Einige überdurchschnittlich positiv bewertete

Assoziationen zu »Bergelch«

Caravanserail schrieb am 2.12. 2000 um 15:21:03 Uhr zu

Bergelch

Bewertung: 12 Punkt(e)

Am Winterwochenende macht es sich der Bergelch zu Hause gemütlich. Er heizt seinen Kachelofen ein, stellt sich Gebäck und Glühwein ans Sofa und holt sich einen Lyrikband aus dem Regal. Heute fällt ihm »wintergrün« von Doris Runge in die Hufe. Wir wissen nicht ob es ein Zufall war oder ob ihm der dunkelgrüne Einband besonders advendtlich erschienen ist. Mit einem wohligen Seufzer tummelt sich unser Bergelch ein wenig zwischen den Seiten. Es gefällt ihm, daß man an Doris Runges Gedichten immer ein bißchen herumrätseln kann. Natürlich gefällt es ihm auch, daß die Gedichte ziemlich kurz sind. So ist er immer schnell mit einem Text fertig und hat ein kleines Erfolgserlebnis: Wieder ein Gedicht geschafft! (In diesem Punkt ist der Bergelch wie Reich-Ranicky.)

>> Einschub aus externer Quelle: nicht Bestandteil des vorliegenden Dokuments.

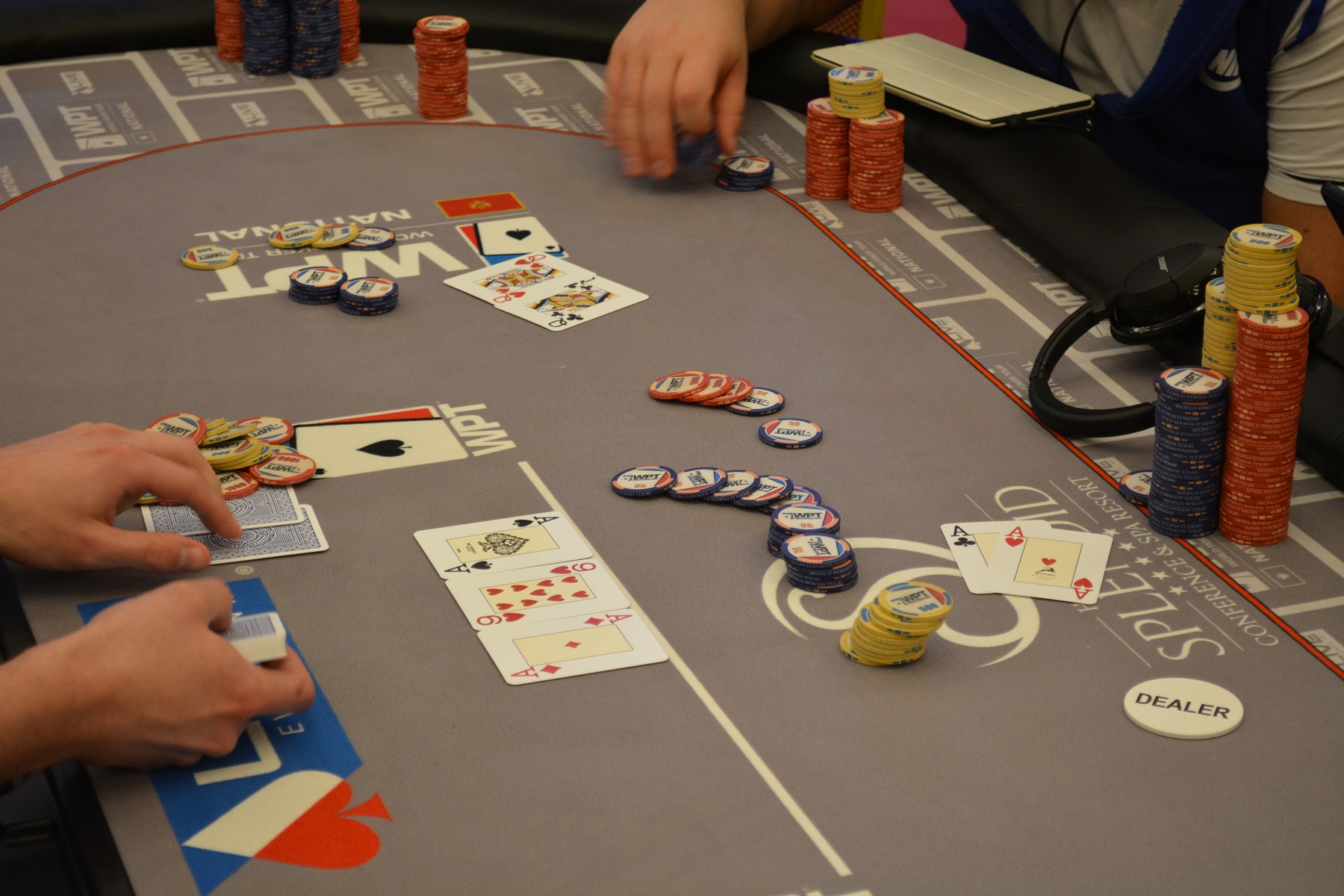 Daniel "Felix" Schulze Predvodi Polje u Finalnom Danu WPT Montenegro Main Eventa 102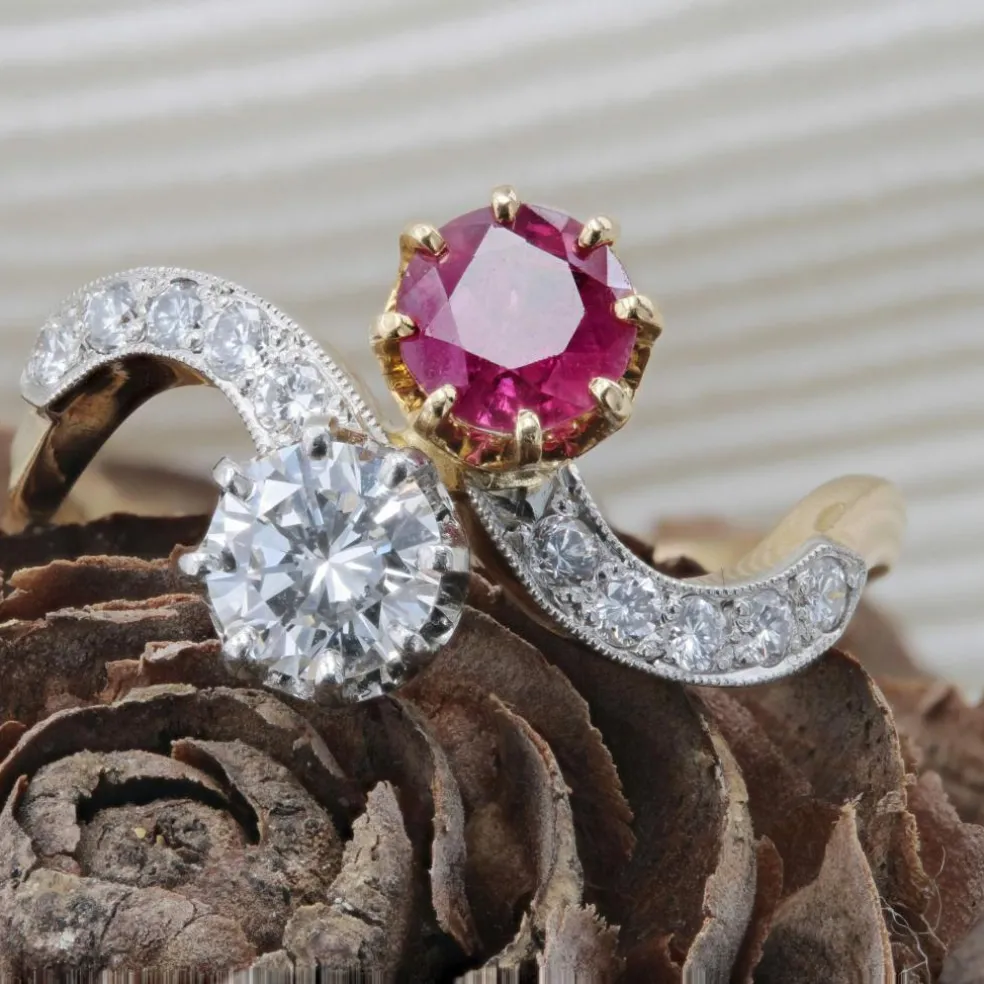 Bague toi et moi diamants et rubis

Heute gefällt ihm das Gedicht »glücksspiel« am besten. Schließlich hat er sich selber schon immer für eine Spielerfigur gehalten. Weil ich nicht sicher bin, ob alle User das Gedicht im Ohr haben, schreib ich es mal auf:

glücksspiel

zwei sind
einer zuviel
zu glück
zwei sind
genug
für ein unglück
hat einer
den anderen
zum glück

Die Runge überläßt es ja immer ihren Lesern, sich vorzustellen, wo welche Satzzeichen sitzen sollten, was zusammengehört, wo Satzperioden anfangen und aufhören. Der Bergelch mag das. Er fühlt sich als Leser wichtiggenommen. Hach, denkt er sich, ich liebe diese interaktiven Textspiele...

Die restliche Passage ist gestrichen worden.